Some counties are bound to have anomalously dark or light color values because the sample size is so small (small counties result in more coarsely quantized tweet fraction values since each Twitter user makes up a larger percentage of that population than he or she would in a larger county). As a result, counties with low population density have a higher error than counties with a high population density. To encode this information into my visualization, I overlayed the tweet data choropleth on top of the population density choropleth in the interactive version so that if I hover my mouse cursor over a county, the population density color is revealed. I think this nicely allows the error estimates to be visually accessible to a viewer without distracting from the main data.

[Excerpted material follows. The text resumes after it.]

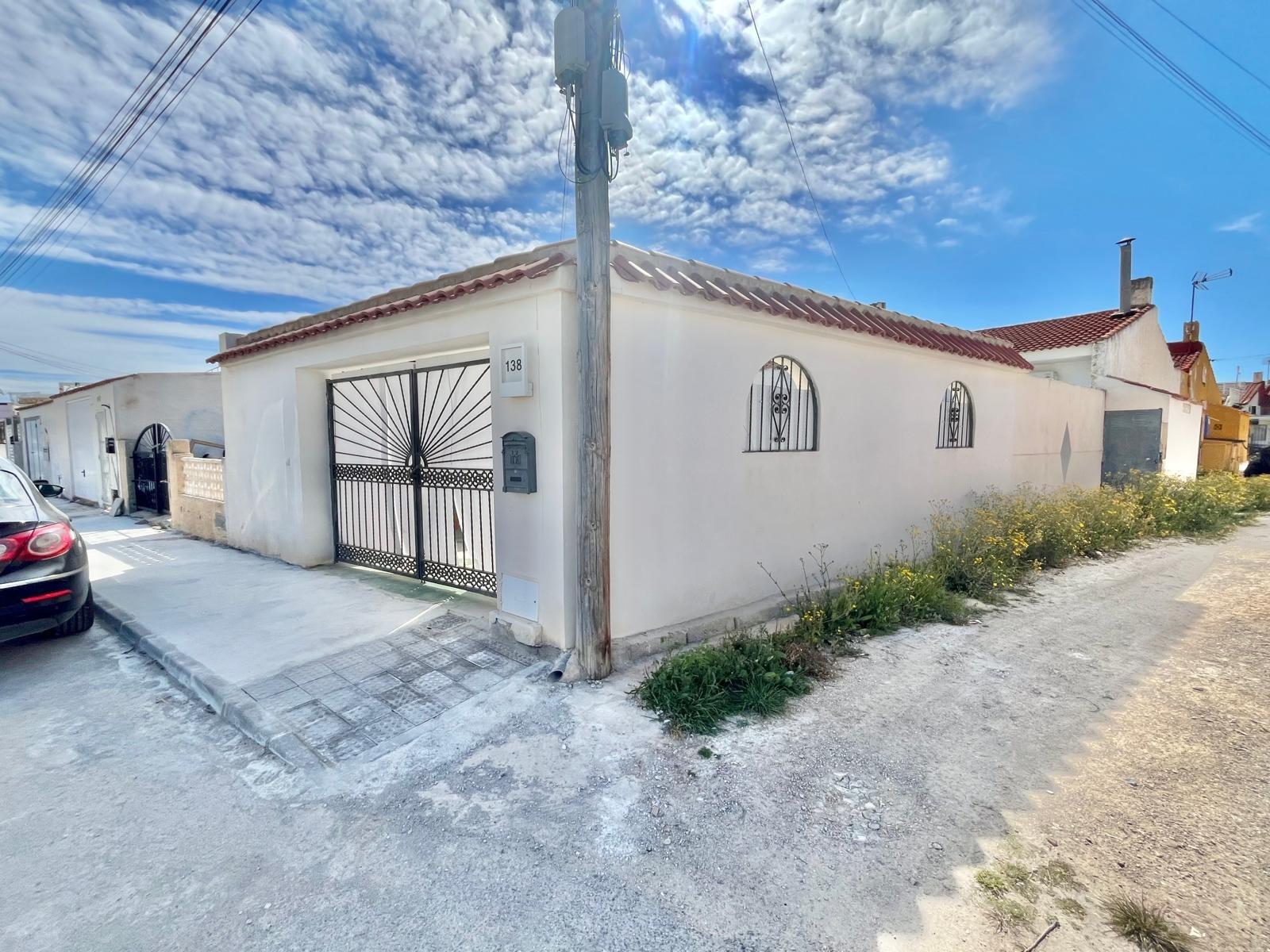 Bungalow for sale in Torrevieja, Alicante, Spain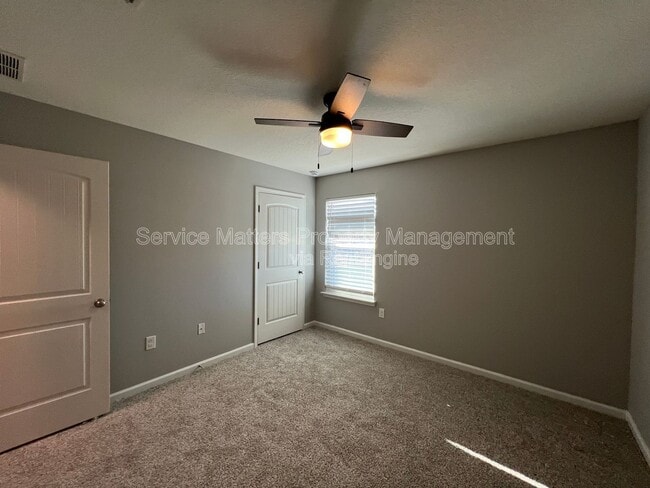 Building Photo - 5881 Old Plantation Court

Lastly, I encoded each individual tweet as a point in a GeoJSON file so that it could be plotted on top of the TopoJSON-based choropleth. A great resource for quickly viewing a GeoJSON or TopoJSON file (especially if you just need to check to make sure that the file is encoded properly) is mapshaper.org. [An aside: the US County TopoJSON provided by d3js.org already has its values mapped according to the US Albers Projection, so I had to play with the scale of my GeoJSON Albers Projection mapping until I found the scale value which matched the pre-coded scale of the TopoJSON file—it's 1280, by the way]. Once I plotted all my tweets as a new map with points overlaying my choropleth (shown below), I realized the mistake I had made earlier in simplifying the tweet coordinates. In nearly every state on the map, there is an anomalously dark blue county which apparently has a large number of tweets all being sent from the exact same location. Upon further inspection, I realized that this location was precisely the center of the state's bounding box. See here, this one dot representing 47 tweets right at the center of Oklahoma's bounding box. If I want a more accurate visualization of my eclipse data, I am going to need some way of accounting for the tweets with bounding boxes larger than the size of a county.

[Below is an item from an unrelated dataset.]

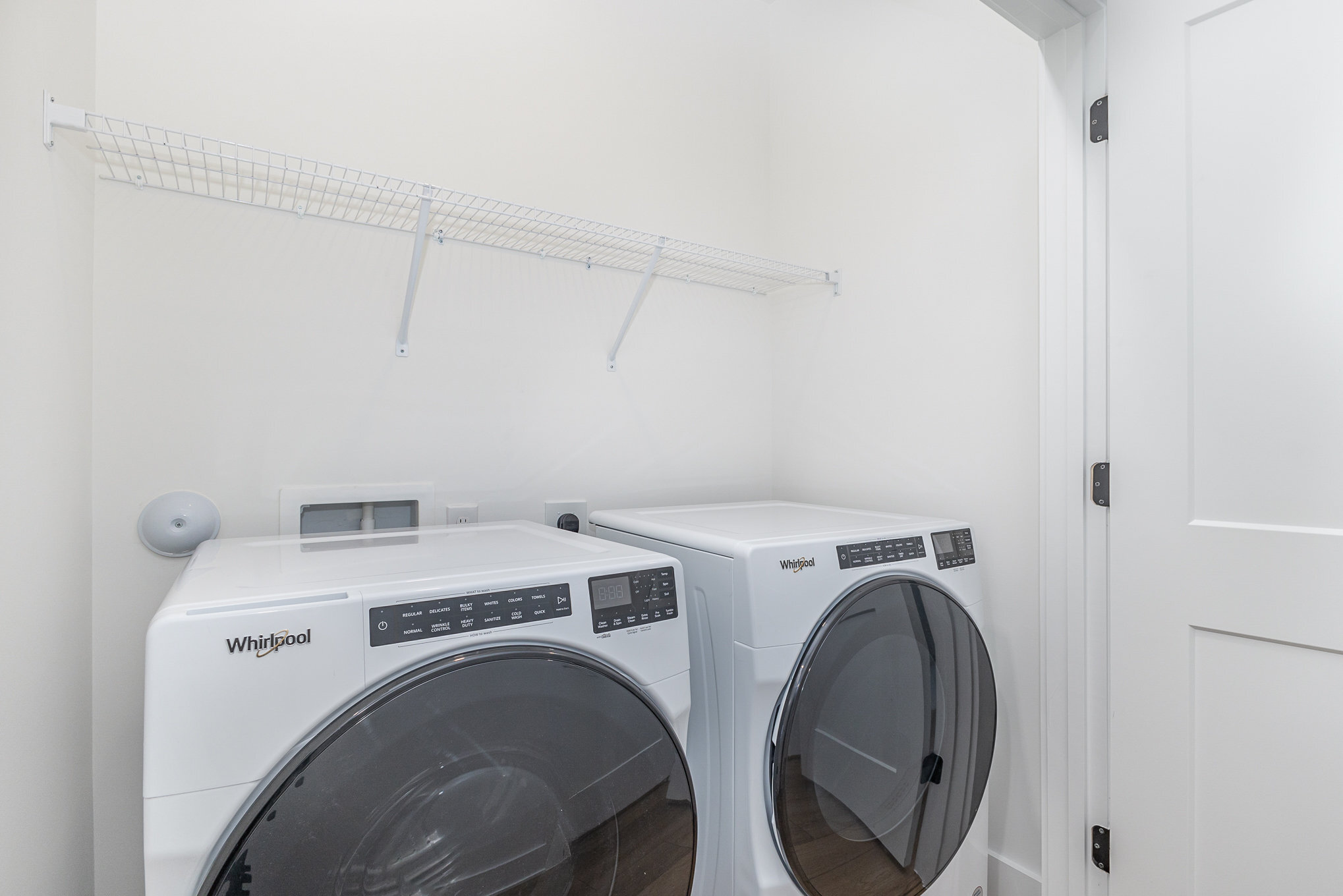 Front load washer and dryer on 3rd floor - 514 Billingshurst Way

To fix the bounding box failure, I am going to reassign tally counts by treating each problematic tweet as though the reverse geocoding API had returned every county in that state. To do this, I will parse through the Twitter data and select every tweet which has its place type tagged as "admin" (note: the tag options are "country", "city", "admin", "neighborhood", and "poi"; I will just throw away points tagged "country" since they might as well not be geo-tagged at all). Some of the "admin" values are cities for some reason (e.g., "Denver CO", "Charlottesville VA", "Jacksonville FL", etc.), but most are states (e.g. "Hawaii, USA", "Oklahoma, USA", "New York, USA", etc.). Every state value (and "District of Columbia") ends in the string ", USA", so it will be easy to extract only the tweets with state-level geo-precision. To assemble my new tally count, I just need to map state name to state FIPS code (using this helpful resource), find all other FIPS county codes which begin with the same two digits, then divide each tally evenly among all those counties {[UPDATE – September 20, 2017]: Again, "evenly" is not the right approach. See correction.}.

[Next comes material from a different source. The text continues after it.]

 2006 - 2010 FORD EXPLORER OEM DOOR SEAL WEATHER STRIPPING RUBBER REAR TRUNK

Once the bounding box issue has been resolved, I will create a GeoJSON file with the NASA eclipse path data, and overlay that on the map (I hope to create a few buttons to toggle which layers are visible so that the map does not become visually cluttered). After that, the next big challenge will be to bin all of my data by time and create an interactive slider object in JavaScript so that the time-dependence of the national Twitter eclipse activity can be viewed.
After some more experimentation, I have come up with a tally-distribution procedure which I think is statistically fair.
To recap, the goal of this project is to visualize how Twitter activity during the eclipse differs from Twitter activity on a typical day. If we assume that there is no relationship between the characteristics of a person and their likelihood of posting a geo-tagged tweet, a random collection of tweets sent from within the US is essentially a random sampling of the US population (yes, this assumption simplifies subtleties of Twitter dynamics and user tendencies, but it will do fine for our geographic analysis). As such, a statistically random collection of tweets will be distributed spatially across the country according to population density (i.e. if more people live in a location, more tweets in our sample will have come from that location). While population density might be an interesting data set to visualize in some circumstances, we need some way to leave it out of our current visualization so that any anomalous activity from the eclipse can rise above the noise. In other words, we need a way to visualize the data such that if our data truly was a statistically random sampling of the population, the choropleth would be completely uniform in color.
Earlier, I tried to accomplish this by coloring each county according to the ratio of tweet count to population, but as became apparent, this only works well if we know precisely which county each tweet came from. If a tweet has uncertainty in its location, possibly coming from more than one county, we need some way to split up a single tweet between all its possible locations. What I have now realized is that this splitting needs to be done unevenly: i.e., according to population density.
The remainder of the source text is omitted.